Anarchy is seen as one end of the spectrum whose other end is marked by the presence of a legitimate and competent government.
International politics is described as being spotted with pieces of government and bound with elements of community. Traditionally, international-political systems are thought of as being more or less anarchic. Anarchy is taken to mean not just the absence of government but also the presence of disorder and chaos. Although far from peaceful, international politics falls short of unrelieved chaos, and while not formally organized, it is not entirely without institutions and orderly procedures.
Although it is misleading to label modern international politics as anarchic, the absence of a universal international law prohibits well-regulated behavior. But, international regulation is not completely absent from world politics. With the end of the Cold War, the ground seems ready for an acceleration of this centurys trend in increasing international regulation of more issues once typically seen as part of state domestic jurisdiction. But as international law embraces new actors and a growing range of forms, topics, and technologies, and as it moves further away from strictly “foreign” concerns to traditionally domestic areas, its proponents must increasingly confront new obstacles head-on. Traditionally, most rules of international law could be found in one of two places: treaties or customary law (uncodified, but equally binding rules based on long-standing behavior).
But as new domains from the environment to the Internet come to be seen as appropriate for international regulation, states are sometimes reluctant to embrace any sort of binding rule. Today all but the most doctrinaire of scholars see a role for so-called soft law-precepts emanating from international bodies that conform in some sense to expectations of required behavior but that are not binding on states (the World Banks Guidelines on the Treatment of Foreign Direct Investment, for example). Soft law principles also represent a starting point for new hard law, which attaches a penalty to noncompliance.
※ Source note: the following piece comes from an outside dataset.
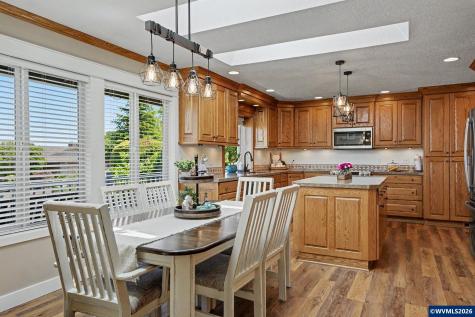 1423 35th Avenue NW Salem OR 97304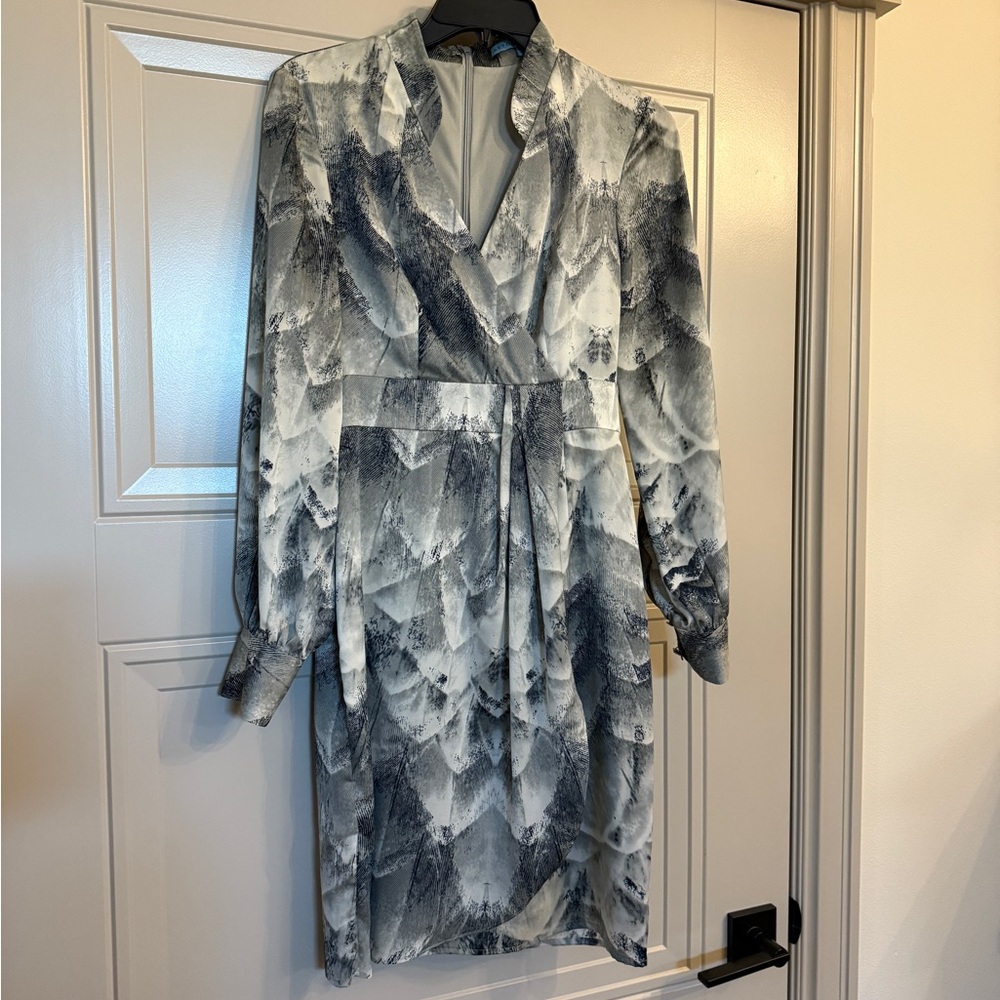 Antonio Melani - Chic Gray Patterned Dress - Size 0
Whether in the case of hard or soft law, new participants are making increased demands for representation in international bodies, conferences, and other legal groupings and processes. They include both recognized and unrecognized substate entities (Hong Kong and Tibet, for example); nongovernmental organizations; and corporations.
Scholars accept that these other actors have independent views that do not fit neatly into traditional theories of how law is made and enforced. Most states comply with much, even most, international law. But without a mechanism to bring transgressors into line, international law is “law” in name only. The traditional toolbox to secure compliance with the law of nations consist of negotiations, mediation, countermeasures, or, in rare cases, recourse to supranational judicial bodies such as the International Court of Justice.
For many years, these tools have been supplemented by the work of international institutions, whose reports and resolutions often help “mobilize shame” against violators. But today, states, NGOs, and private entities have striven for sanctions. And the UNs ad hoc criminal tribunals for the former Yugoslavia and Rwanda show that it is at least possible to devise institutions to punish individuals for human rights atrocities. Nonetheless, the success of these enforcement mechanisms depends on the willingness of states to support them.
When global institutions do not work, regional bodies may offer more influence over member conduct in economics, human rights, and other areas. In addition, domestic courts increasingly provide an additional venue to enforce international law. Even with a defined international law and a world government to enforce it, cooperation in general, in international politics, is troubled. Research on international regimes moved from attempts to describe the phenomena of interdependence and international regimes to closer analysis of the conditions under which countries cooperate. How does cooperation occur among sovereign states and how do international institutions affect it? Indeed, why should international institutions exist at all in a world dominated by sovereign states? This question seemed unanswerable if institutions were seen as opposed to or above, the state but not if they were viewed as devices to help states accomplish their objectives.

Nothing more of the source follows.